*What to do*
Apart from the pictures, every line below is to be set down exactly.

*Data for processing*
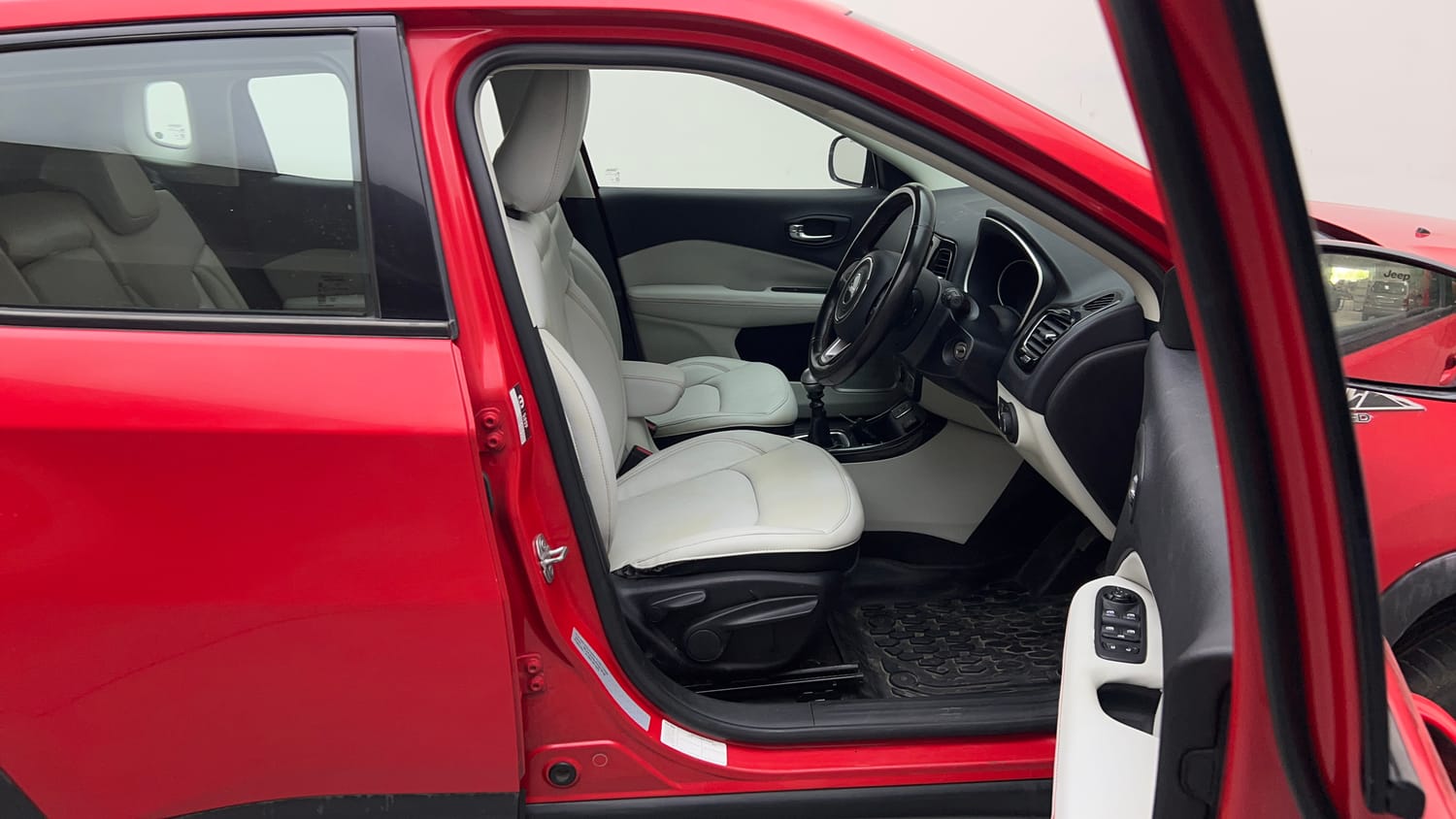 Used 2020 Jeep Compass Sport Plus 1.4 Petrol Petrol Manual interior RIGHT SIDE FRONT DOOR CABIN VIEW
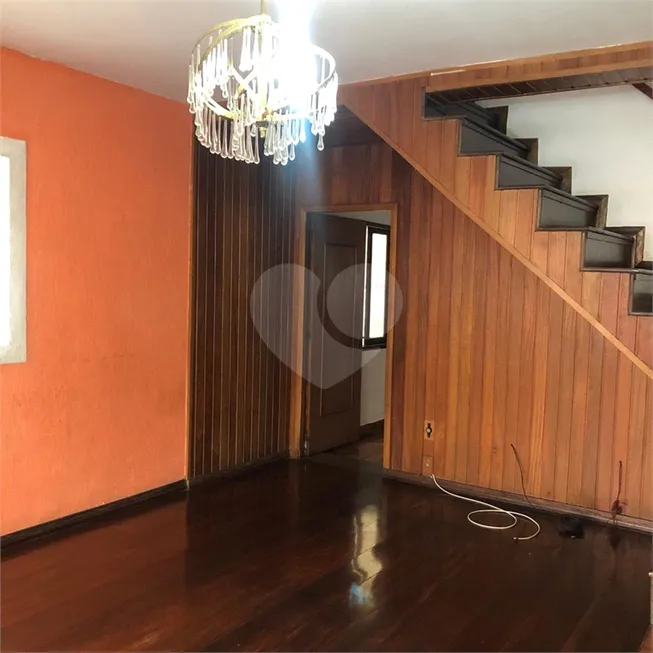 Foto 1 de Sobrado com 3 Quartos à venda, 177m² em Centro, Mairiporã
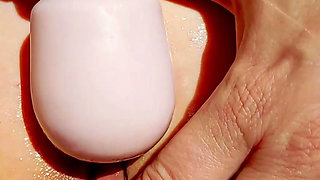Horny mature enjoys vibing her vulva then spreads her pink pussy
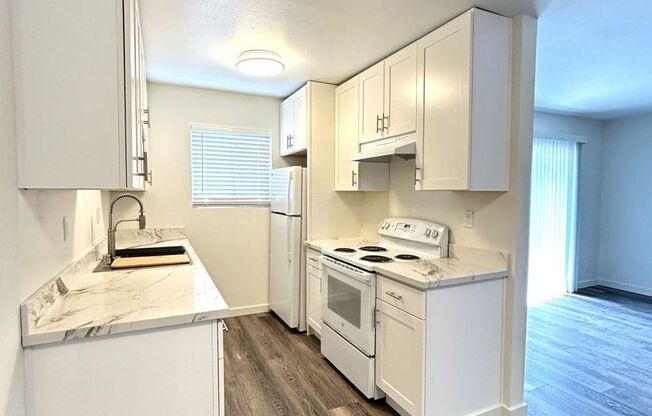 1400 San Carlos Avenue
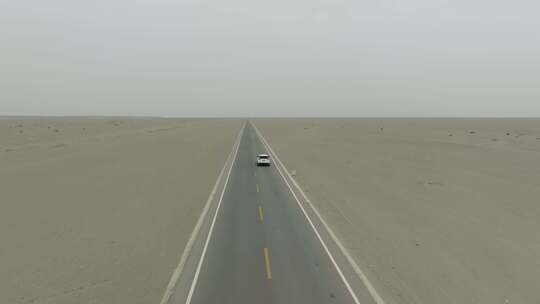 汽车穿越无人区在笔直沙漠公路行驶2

*Completed exercise*
 Used 2020 Jeep Compass Sport Plus 1.4 Petrol Petrol Manual interior RIGHT SIDE FRONT DOOR CABIN VIEW
 Foto 1 de Sobrado com 3 Quartos à venda, 177m² em Centro, Mairiporã
Horny mature enjoys vibing her vulva then spreads her pink pussy
 1400 San Carlos Avenue
 汽车穿越无人区在笔直沙漠公路行驶2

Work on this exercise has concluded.